- WHAT TO WORK ON:
Copy exactly the lines from the first line of the records below through the line containing "Youtube: Six Feet Under - Bringer Des Blutes", including both, and nothing else.
═════ DATASET RECORDS ═════
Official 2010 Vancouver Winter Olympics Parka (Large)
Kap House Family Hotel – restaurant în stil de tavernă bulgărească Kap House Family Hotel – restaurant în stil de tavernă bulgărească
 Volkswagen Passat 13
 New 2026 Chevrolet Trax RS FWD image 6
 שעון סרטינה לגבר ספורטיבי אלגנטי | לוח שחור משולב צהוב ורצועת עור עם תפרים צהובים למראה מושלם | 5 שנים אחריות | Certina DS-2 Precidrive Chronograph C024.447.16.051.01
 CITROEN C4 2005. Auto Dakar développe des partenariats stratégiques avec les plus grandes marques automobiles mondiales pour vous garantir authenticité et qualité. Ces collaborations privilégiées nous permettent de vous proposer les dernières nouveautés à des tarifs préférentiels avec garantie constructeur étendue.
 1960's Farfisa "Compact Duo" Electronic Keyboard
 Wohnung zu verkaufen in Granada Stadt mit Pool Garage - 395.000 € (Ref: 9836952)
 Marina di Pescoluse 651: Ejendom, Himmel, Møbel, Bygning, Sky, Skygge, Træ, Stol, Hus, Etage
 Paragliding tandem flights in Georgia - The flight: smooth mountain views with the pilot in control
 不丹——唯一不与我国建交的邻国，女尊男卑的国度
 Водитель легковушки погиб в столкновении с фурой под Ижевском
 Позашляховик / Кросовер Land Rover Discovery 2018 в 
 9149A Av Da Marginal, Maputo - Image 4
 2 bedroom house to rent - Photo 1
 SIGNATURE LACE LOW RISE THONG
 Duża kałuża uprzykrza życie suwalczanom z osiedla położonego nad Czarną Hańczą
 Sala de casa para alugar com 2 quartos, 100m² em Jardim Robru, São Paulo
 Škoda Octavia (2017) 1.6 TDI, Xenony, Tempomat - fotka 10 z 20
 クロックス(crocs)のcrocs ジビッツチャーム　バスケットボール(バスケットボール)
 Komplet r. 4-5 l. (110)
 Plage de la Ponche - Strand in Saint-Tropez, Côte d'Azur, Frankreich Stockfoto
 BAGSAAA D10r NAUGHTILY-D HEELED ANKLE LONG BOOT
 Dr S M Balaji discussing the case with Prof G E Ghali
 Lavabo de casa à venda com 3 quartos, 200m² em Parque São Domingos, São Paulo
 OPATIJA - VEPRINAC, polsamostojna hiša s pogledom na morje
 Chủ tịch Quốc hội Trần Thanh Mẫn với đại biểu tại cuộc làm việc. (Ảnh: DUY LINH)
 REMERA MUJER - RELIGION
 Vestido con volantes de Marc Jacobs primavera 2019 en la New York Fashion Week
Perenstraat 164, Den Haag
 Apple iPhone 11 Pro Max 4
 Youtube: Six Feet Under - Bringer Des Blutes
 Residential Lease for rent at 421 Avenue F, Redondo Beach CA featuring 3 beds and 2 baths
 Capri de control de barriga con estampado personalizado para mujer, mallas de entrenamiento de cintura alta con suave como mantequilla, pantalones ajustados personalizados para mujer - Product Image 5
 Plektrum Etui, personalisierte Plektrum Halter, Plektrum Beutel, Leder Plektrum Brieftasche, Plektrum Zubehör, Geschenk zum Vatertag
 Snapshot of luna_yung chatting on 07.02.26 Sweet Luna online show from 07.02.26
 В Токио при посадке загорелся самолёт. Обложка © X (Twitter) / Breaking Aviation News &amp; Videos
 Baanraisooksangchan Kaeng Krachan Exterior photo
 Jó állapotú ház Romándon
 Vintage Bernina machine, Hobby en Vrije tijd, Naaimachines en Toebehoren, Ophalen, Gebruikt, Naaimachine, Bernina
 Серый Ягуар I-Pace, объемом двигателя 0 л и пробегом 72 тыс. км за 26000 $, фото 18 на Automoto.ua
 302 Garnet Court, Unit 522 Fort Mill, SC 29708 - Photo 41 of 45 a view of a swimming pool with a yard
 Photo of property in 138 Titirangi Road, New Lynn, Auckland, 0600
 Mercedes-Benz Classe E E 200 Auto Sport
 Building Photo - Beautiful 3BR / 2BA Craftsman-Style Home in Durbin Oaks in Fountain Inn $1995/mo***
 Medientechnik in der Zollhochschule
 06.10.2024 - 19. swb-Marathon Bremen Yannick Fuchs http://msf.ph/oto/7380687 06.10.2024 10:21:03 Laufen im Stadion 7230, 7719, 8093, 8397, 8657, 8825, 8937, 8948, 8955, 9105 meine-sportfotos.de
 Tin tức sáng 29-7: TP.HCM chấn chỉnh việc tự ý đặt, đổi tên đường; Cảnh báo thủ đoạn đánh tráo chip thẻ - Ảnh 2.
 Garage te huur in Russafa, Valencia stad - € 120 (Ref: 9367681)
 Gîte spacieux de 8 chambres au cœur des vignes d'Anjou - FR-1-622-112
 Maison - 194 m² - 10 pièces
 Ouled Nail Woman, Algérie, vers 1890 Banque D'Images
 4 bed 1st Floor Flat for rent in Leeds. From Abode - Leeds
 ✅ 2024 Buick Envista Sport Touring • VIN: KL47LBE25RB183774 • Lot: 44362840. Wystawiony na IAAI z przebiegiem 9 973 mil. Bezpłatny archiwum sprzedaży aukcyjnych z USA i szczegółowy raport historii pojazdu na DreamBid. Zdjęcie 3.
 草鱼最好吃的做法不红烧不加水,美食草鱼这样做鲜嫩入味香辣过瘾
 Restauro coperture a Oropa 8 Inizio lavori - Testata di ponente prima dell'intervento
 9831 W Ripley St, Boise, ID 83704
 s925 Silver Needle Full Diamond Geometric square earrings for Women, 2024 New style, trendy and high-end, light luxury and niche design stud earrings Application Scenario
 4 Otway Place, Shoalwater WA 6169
═════
- YOUR SOLUTION:
Official 2010 Vancouver Winter Olympics Parka (Large)
Kap House Family Hotel – restaurant în stil de tavernă bulgărească Kap House Family Hotel – restaurant în stil de tavernă bulgărească
 Volkswagen Passat 13
 New 2026 Chevrolet Trax RS FWD image 6
 שעון סרטינה לגבר ספורטיבי אלגנטי | לוח שחור משולב צהוב ורצועת עור עם תפרים צהובים למראה מושלם | 5 שנים אחריות | Certina DS-2 Precidrive Chronograph C024.447.16.051.01
 CITROEN C4 2005. Auto Dakar développe des partenariats stratégiques avec les plus grandes marques automobiles mondiales pour vous garantir authenticité et qualité. Ces collaborations privilégiées nous permettent de vous proposer les dernières nouveautés à des tarifs préférentiels avec garantie constructeur étendue.
 1960's Farfisa "Compact Duo" Electronic Keyboard
 Wohnung zu verkaufen in Granada Stadt mit Pool Garage - 395.000 € (Ref: 9836952)
 Marina di Pescoluse 651: Ejendom, Himmel, Møbel, Bygning, Sky, Skygge, Træ, Stol, Hus, Etage
 Paragliding tandem flights in Georgia - The flight: smooth mountain views with the pilot in control
 不丹——唯一不与我国建交的邻国，女尊男卑的国度
 Водитель легковушки погиб в столкновении с фурой под Ижевском
 Позашляховик / Кросовер Land Rover Discovery 2018 в 
 9149A Av Da Marginal, Maputo - Image 4
 2 bedroom house to rent - Photo 1
 SIGNATURE LACE LOW RISE THONG
 Duża kałuża uprzykrza życie suwalczanom z osiedla położonego nad Czarną Hańczą
 Sala de casa para alugar com 2 quartos, 100m² em Jardim Robru, São Paulo
 Škoda Octavia (2017) 1.6 TDI, Xenony, Tempomat - fotka 10 z 20
 クロックス(crocs)のcrocs ジビッツチャーム　バスケットボール(バスケットボール)
 Komplet r. 4-5 l. (110)
 Plage de la Ponche - Strand in Saint-Tropez, Côte d'Azur, Frankreich Stockfoto
 BAGSAAA D10r NAUGHTILY-D HEELED ANKLE LONG BOOT
 Dr S M Balaji discussing the case with Prof G E Ghali
 Lavabo de casa à venda com 3 quartos, 200m² em Parque São Domingos, São Paulo
 OPATIJA - VEPRINAC, polsamostojna hiša s pogledom na morje
 Chủ tịch Quốc hội Trần Thanh Mẫn với đại biểu tại cuộc làm việc. (Ảnh: DUY LINH)
 REMERA MUJER - RELIGION
 Vestido con volantes de Marc Jacobs primavera 2019 en la New York Fashion Week
Perenstraat 164, Den Haag
 Apple iPhone 11 Pro Max 4
 Youtube: Six Feet Under - Bringer Des Blutes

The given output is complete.